Capítulo 130
2461palavras
2022-07-25 06:23
Um mês depois e eu já não aguentava de saudade. Achei que seria fácil ficar sem Nicolas, mas era muito mais difícil do que eu imaginei. Este tempo me dediquei exclusivamente ao livro e aos meus pensamentos. Fiquei sozinha com minhas culpas e arrependimentos. Mas ouvir a voz dele me daria ânimo para seguir em frente e concretizar meu objetivo final.
Eu não precisava de número dele gravado na memória do celular... Porque ele era o único número que eu tinha decorado na mente.
- Alô? – ouvi a voz do outro lado da linha.
Já era tarde da noite. Eu já o imaginava deitado na cama, sem camisa, com seu meio sorriso, tentando parecer sério. A voz dele me acalentava e trazia ao meu coração a sensação de paz.
- Como você está? – perguntei um pouco sem jeito.
- Depois de trinta dias da sua partida? Bem, se eu morresse você já teria sabido, não é mesmo? Ou não? E afinal, se importaria?
- Fiz o que achava certo... Precisava proteger todos.
- Fugindo? Sequer me deixou ficar com você e sofrermos juntos a nossa perda.
- Eu tenho um plano... Eu juro.
- Sabe o que me dá mais medo ainda? Você ter um plano.

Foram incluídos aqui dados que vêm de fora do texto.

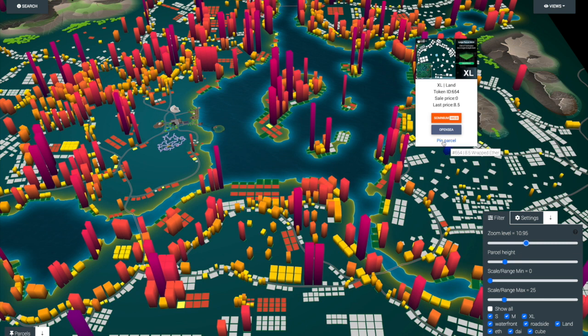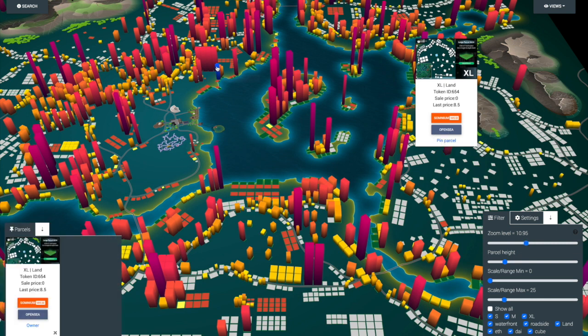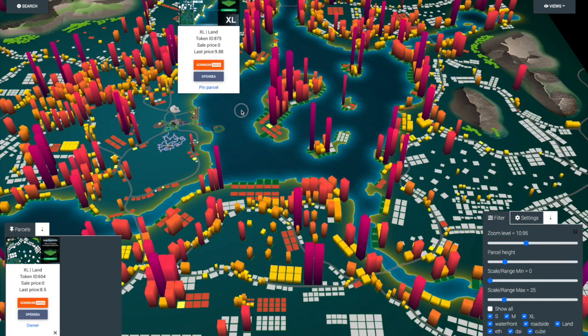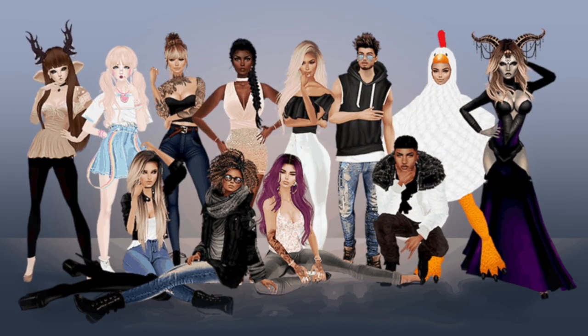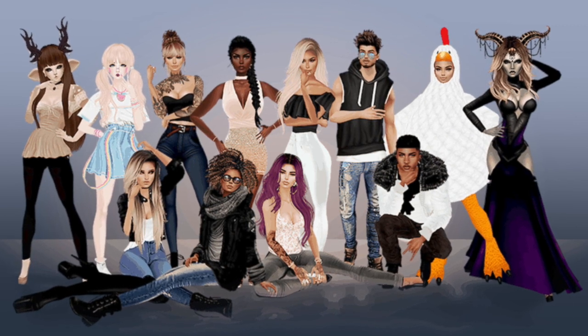Then we have Somnium Space, a VR world builder platform that supports virtual real estate trading and ownership. It is built on blockchain architecture and has its own in-app currency called Somnium Cubes that can be used to purchase properties. And then we have IMVU, a large avatar-based 3D social network where users can interact with friends, shop, hang out at gatherings, and earn real money by creating virtual products. The platform's 7 million plus users spend an average of 55 minutes a day on the site.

- Você não confia em mim, Nick?
- Deveria, Juliet?
- Eu confiei em você...
- Volte para mim.
- Não posso agora. Estou há um passo de conseguir o que vim fazer.

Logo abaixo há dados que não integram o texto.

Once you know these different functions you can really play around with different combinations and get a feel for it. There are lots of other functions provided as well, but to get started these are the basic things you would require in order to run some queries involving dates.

Ele não disse nada. Eu conseguia ouvir o som da respiração dele do outro lado da linha.
- Nick, você está aí?
Não houve resposta.
-Nick?
Porra, por que ele ao menos não desligava? Eu só queria uma resposta... E ele não me daria.
- Nick?
- Não posso, Juliet... Não posso dizer o que você quer ouvir.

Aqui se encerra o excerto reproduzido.